Michael Shurkin : Le peuple burkinabè est, à juste titre, frustré par la dégradation de la situation sécuritaire et l'apparente impuissance du gouvernement de Damiba à l'améliorer. Certains le croient sans doute incapable de sauver le pays et peut-être pire : de le mener dans la mauvaise direction. 

De nombreux manifestants se sont rassemblés devant l'ambassade de France, mettant le feu aux barrières de protection et jetant des pierres à l'intérieur. Est-ce un nouveau signe que la France est perçue comme un ennemi par la population ? Comment expliquer cette situation ?

Oui, la France est perçue comme un ennemi par une partie de la population, mais il n'y a pas de bon moyen de savoir quelle est cette partie.

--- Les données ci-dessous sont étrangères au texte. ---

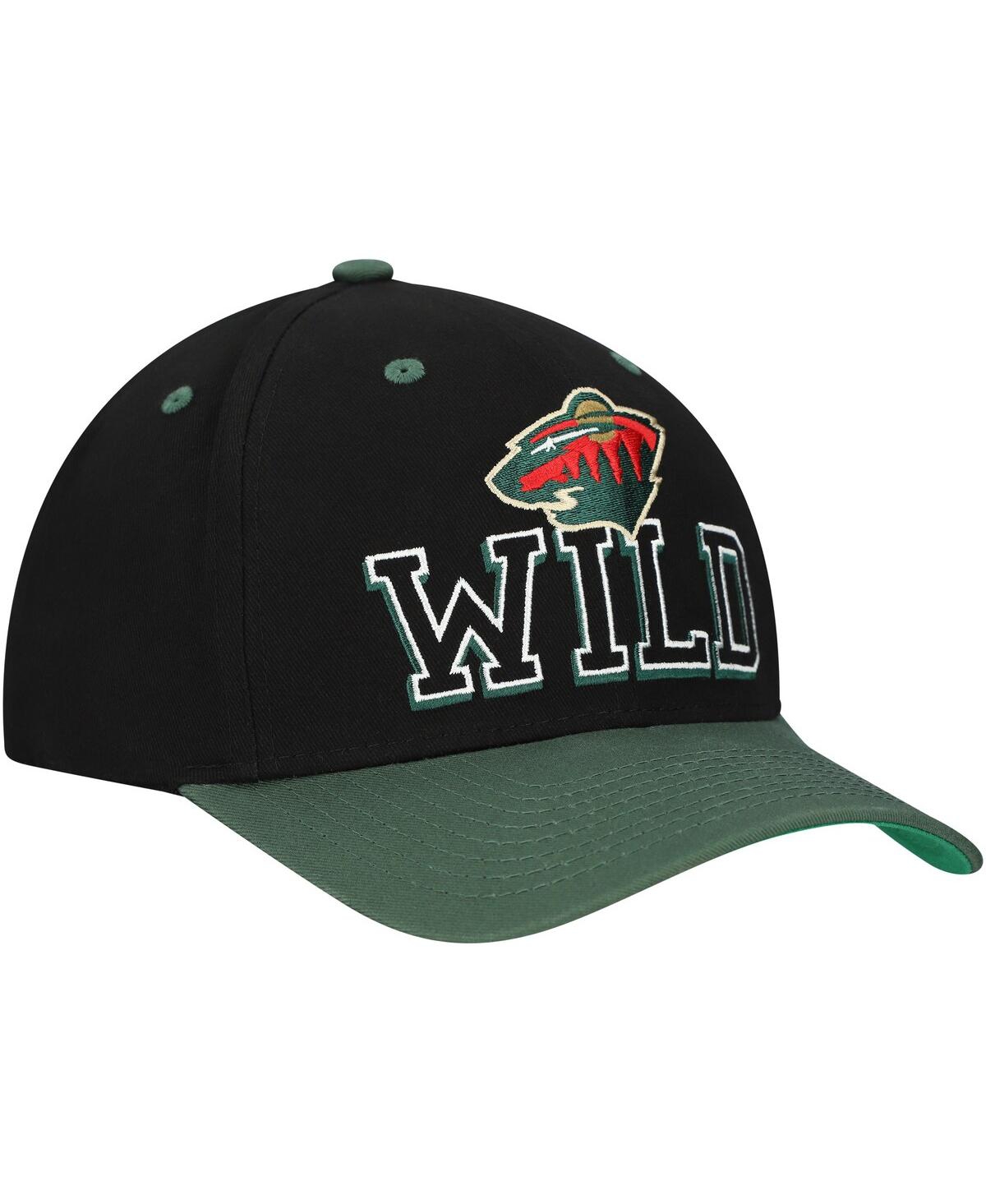 Mitchell & Ness Men's Black/green Minnesota Wild Backside Script 2-tone Pro Crown Adjustable Hat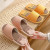 Color: Grape, Shoe Size: 14.5 - Linen Slippers Indoor Home Breathable Women Men Slides Linen Couple F640-12000033430213148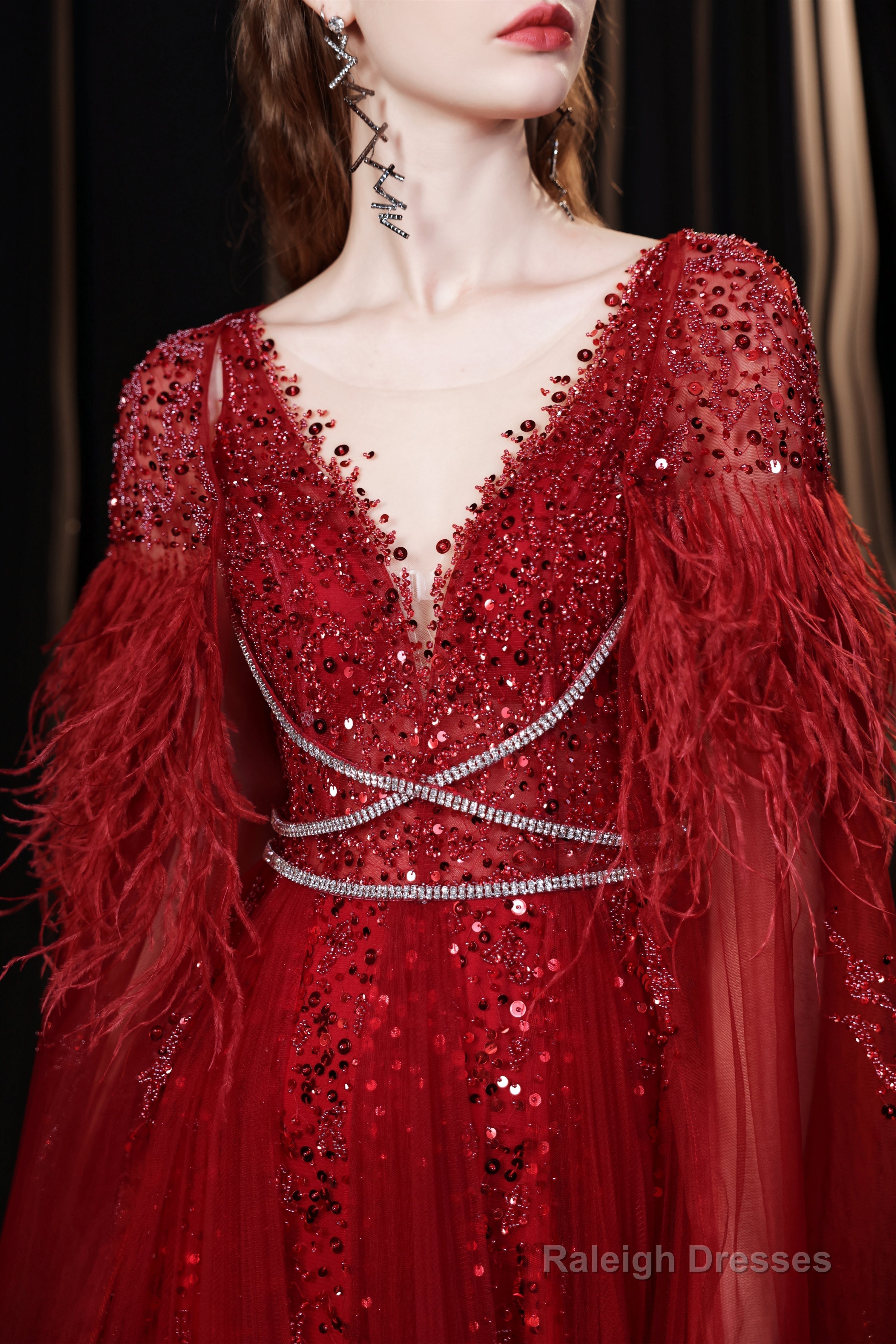 A Line V-neck Shiny Sequin Beaded Prom Dresses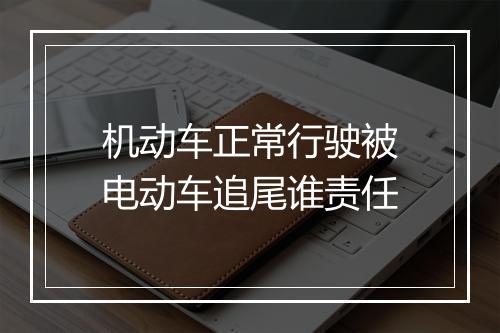 机动车正常行驶被电动车追尾谁责任
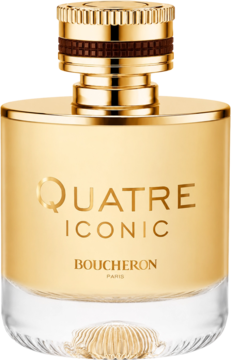 Boucheron Quatre Iconic EDP dla kobiet, złota butelka z metalowym korkiem i brązowym detalem, widok z przodu.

Les Burkinabè, comme les Maliens, souffrent d'une sorte de dissonance cognitive liée à leur incapacité à comprendre pourquoi les choses vont si mal malgré les efforts de leurs propres services de sécurité et des partenaires internationaux de leur pays, au premier rang desquels la France. Certains, dans leur effort de compréhension, se tournent vers l'idéologie panafricaniste selon laquelle le vrai problème est l'ingérence étrangère (française), et la menace djihadiste est considérée comme un produit de l'ingérence française et cessera donc d'être un vrai problème une fois que les Français seront partis. Nombreux sont ceux qui adhèrent à des théories du complot selon lesquelles les Français arment en fait les djihadistes. Ces théories simplifient une réalité très complexe et évitent aux habitants d'avoir à comprendre leur propre responsabilité et à trouver leurs propres solutions.

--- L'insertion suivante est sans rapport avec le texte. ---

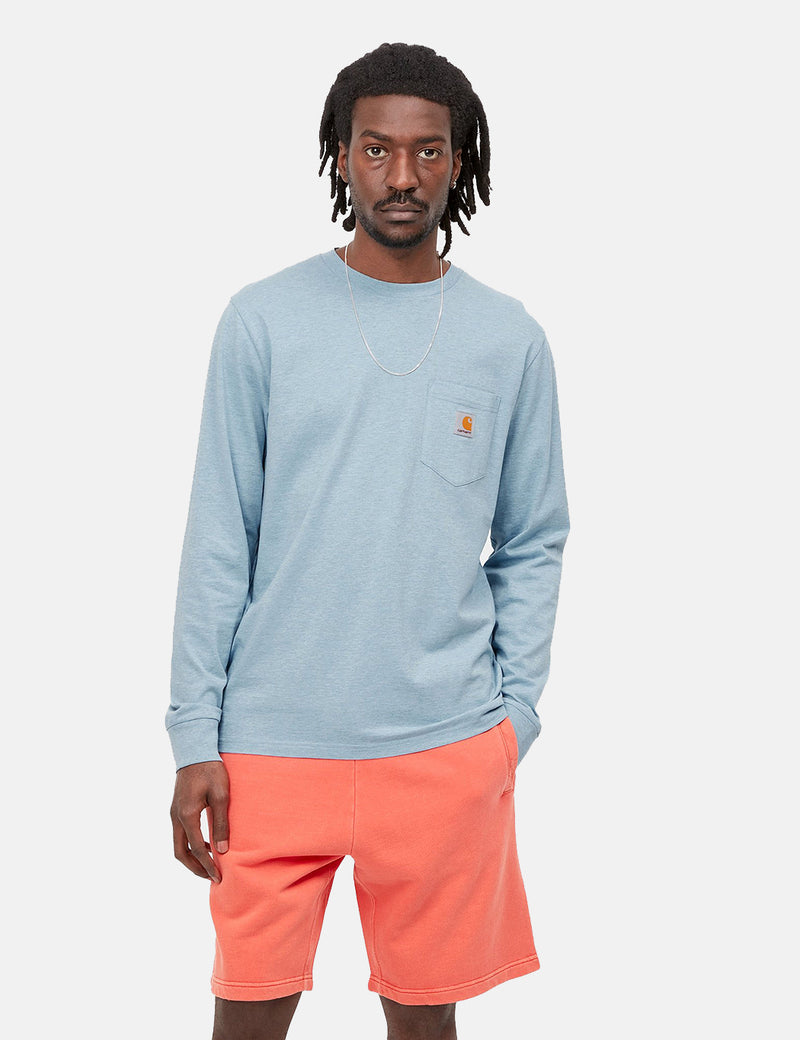 Carhartt-WIP T-Shirt à Manche Longue Poche - Frosted Blue Heather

Il convient de noter que ces manifestants brandissant des drapeaux russes partent du principe que le coup d'État est un coup porté à la France et qu'il est donc positif. En réalité, rien ne prouve que les putchistes sont motivés par une vision particulière de la France. Ils ne semblent pas non plus comprendre si la nouvelle junte a vraiment de meilleures idées pour sauver le pays.

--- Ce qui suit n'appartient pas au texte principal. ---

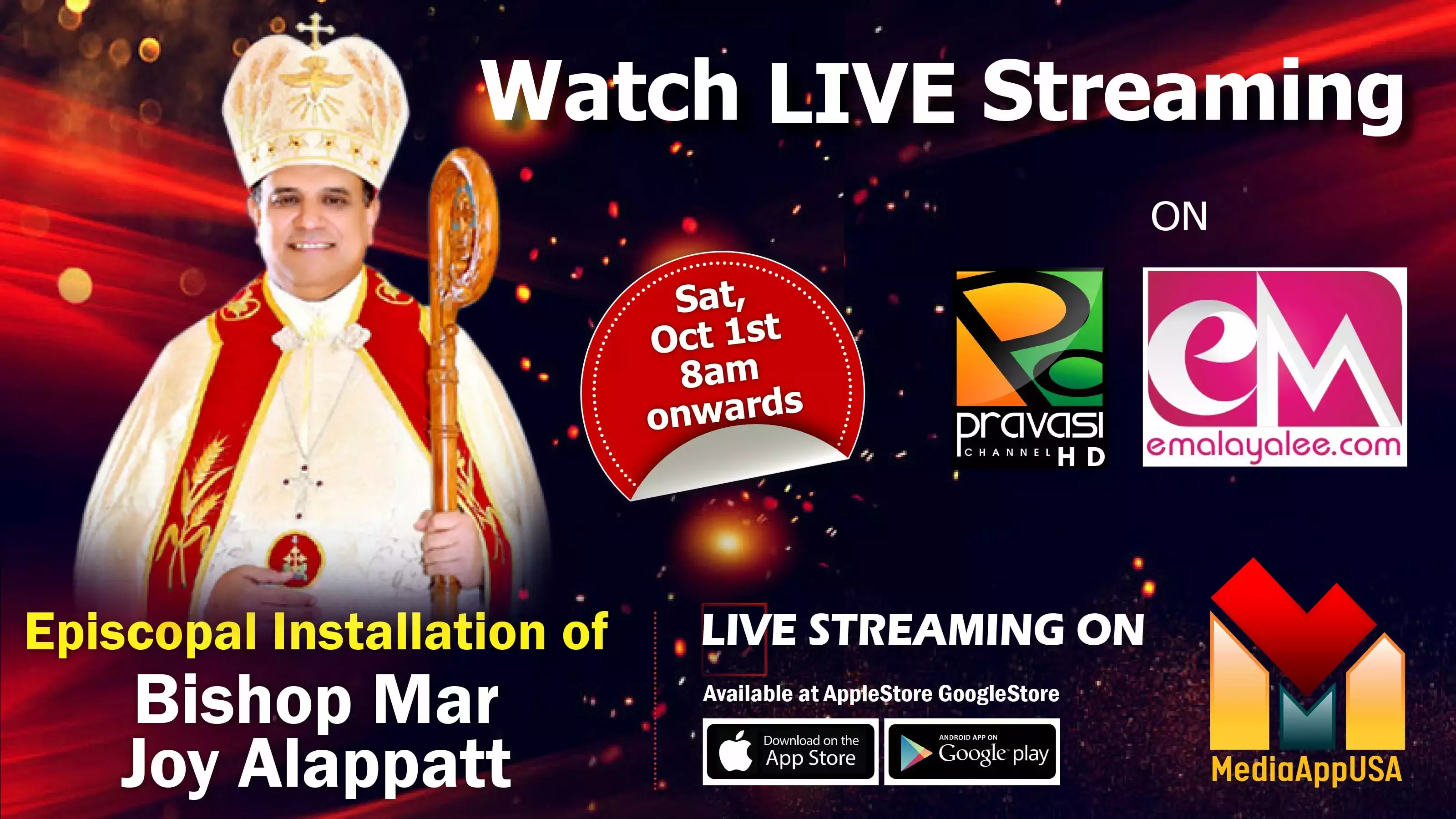 Episcopal Installation of Bishop Mar Joy Alappatt - Watch Live Streaming (Sat, Oct 1st 8am)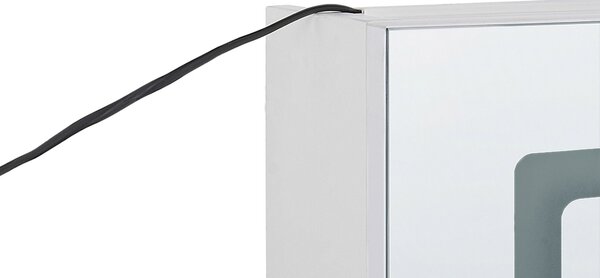 Zrkadlová skrinka do kúpeľne biela strieborná preglejka sklo 40 x 60 cm s LED osvetlením moderný štýl kúpeľňa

Ce sentiment anti-français est-il compréhensible ? Quelles pourraient être les conséquences de ce phénomène dans la région ?

Il est compréhensible étant donné le rôle historique de la France dans la région (rappelons que de nombreux Burkinabés tiennent la France pour responsable de la mort de Thomas Sankara et du soutien à Blaise Compaoré). La conséquence, cependant, est négative, car le sentiment anti-français détourne grandement les Sahéliens d'une analyse plus précise et rationnelle de la crise que traverse leur pays. C'est aussi un moyen pour les autocrates de détourner l'attention de leurs partisans de leurs propres échecs. 

Il y a des arguments légitimes à avancer sur les contributions historiques de la France aux faiblesses structurelles de ses anciennes colonies. Colonialisme suivi d'un néo-colonialisme intéressé. Mais tout cela est discutable face au danger immédiat. Et franchement dépassé.

Alors que la région est en proie à des attaques djihadistes, la situation pourrait-elle empirer après ce coup d'État ?

Absolument. Elle s'aggrave. Le Burkina Faso est un État défaillant. Les putschistes ont-ils de bonnes idées ? Peut-être. À certains égards, la junte malienne a fait mieux que le régime précédent, qui gérait mal la situation sécuritaire. Damiba avait quelques bonnes idées et était assez compétent. Peut-être que Traoré a vraiment un plan.

De toute façon, le Burkina n'a plus de temps à perdre. Cette situation est une distraction et une perturbation géantes. Et si Traoré met fin à la coopération avec la France, qui se bat aux côtés du Burkina, le pays en pâtira. 

Et la Russie ? Est-elle satisfaite de la situation ? Pourrait-elle profiter du coup d'Etat ?

La Russie cherche à discréditer la France et, indirectement, l'Union européenne. Et si l'insécurité incite davantage de migrants à rejoindre l'Europe, tant mieux. Certains pourraient se consoler avec l'idée que la Russie va aider : ce serait tragique. Le point fort du groupe Wagner est l'exécution sommaire de toute personne qui semble suspecte. La Russie n'a aucun intérêt à réparer quoi que ce soit. Les preuves en sont accablantes.